Finance Minister Nirmala Sitharaman, while announcing the interim budget, set the fiscal deficit target of 5.1 per cent for 2024-25 and below 4.5 per cent by 2025-26.

The lower-than-anticipated fiscal deficit for 2023-24 along with the Reserve Bank of India’s (RBI) Rs 2.11 lakh crore dividend to the Centre will provide enough headroom to the new government to expand capital expenditure while sticking to a stricter fiscal deficit target. The RBI transferred Rs 87, 416 crore to the government.  

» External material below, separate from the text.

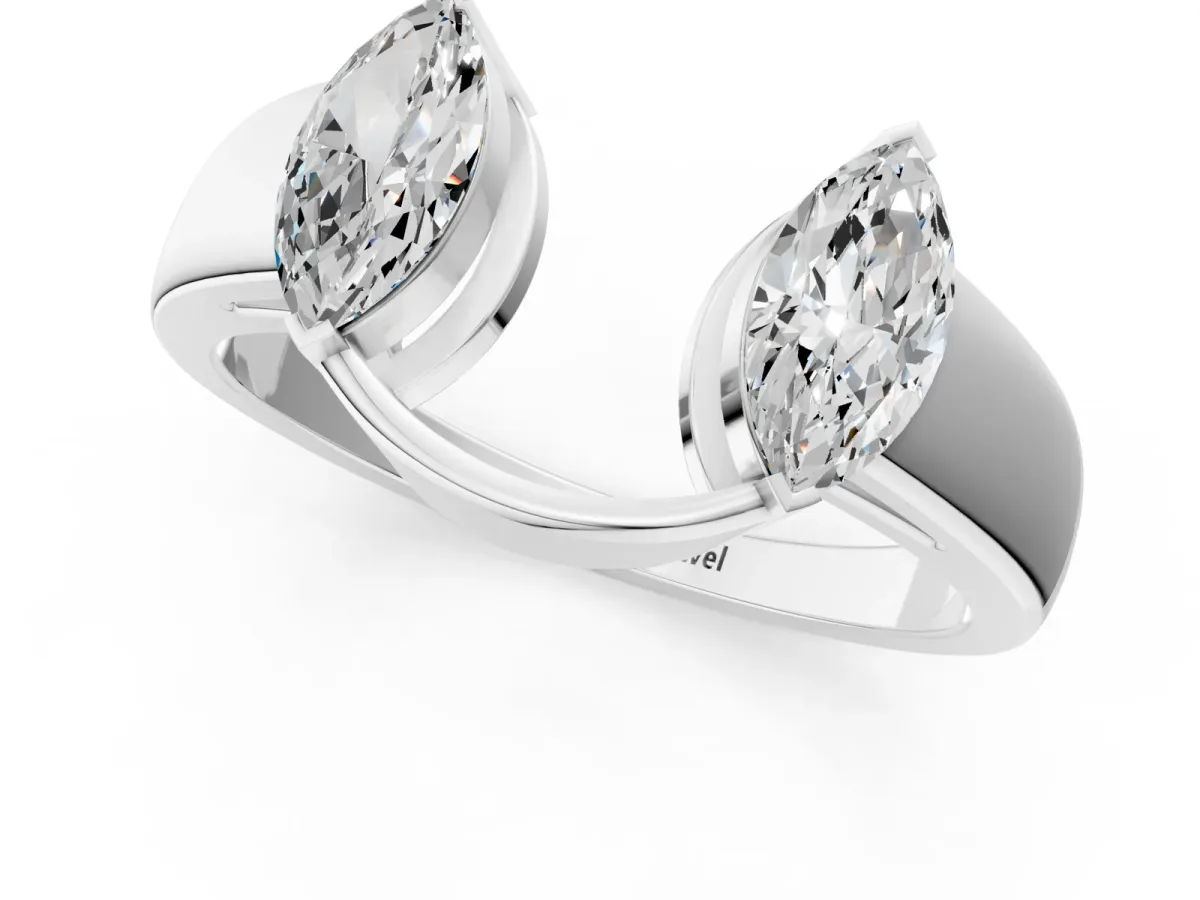 Marquise Diamond Open Band Ring with Tension Setting White gold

The new government, which is expected to present the full Budget in July could either set a lower fiscal deficit target for the current financial year or use the money to fund infrastructure and even tackle other “spending surprises.”

Robust revenue collection driven by higher-than-expected tax receipts and lower subsidy outflow are the key factors that have helped bring down the fiscal deficit.  

Earlier this week, Standard & Poor’s (S&P) raised India’s sovereign rating outlook from ‘stable’ to ‘positive’. Ratings agency Fitch noted that transfers from RBI to the government can be significant at the margin for fiscal performance, but depend on various factors, including the size and performance of assets held on the central bank’s balance sheet and India’s exchange rate.

A lower-than-projected fiscal deficit will also help India in improving its sovereign rating. Fiscal deficit, one of the most crucial economic indicators, also has a bearing on growth and production costs. It could also have an impact on inflation.

State Bank of India group’s chief economist Soumya Kanti Ghosh said that the RBI’s dividend could be high even for the current fiscal year. “With improved economic activities, managing the fiscal deficit will not be a very tough task for the government. It will be able to stick to the projections despite the economic uncertainties globally,” Ghosh told The Secretariat.

The government plans to bring down the fiscal deficit to 4.5 per cent of GDP by FY26.

According to EY, the fiscal deficit during the first three quarters of 2023-24 as a proportion of GDP stood at 4.5 per cent as compared to 5.0 per cent.

Fiscal Deficit Status Globally

Global fiscal deficit in 2023, meanwhile, surged to 5.5 per cent of GDP, rising by 1.6 per cent points over 2022. According to EY, with expenditures remaining virtually unchanged in 2023 compared with 2022, a fall in revenues was the main driver of the uptick in fiscal deficits of major economies as windfall revenues from inflation waned.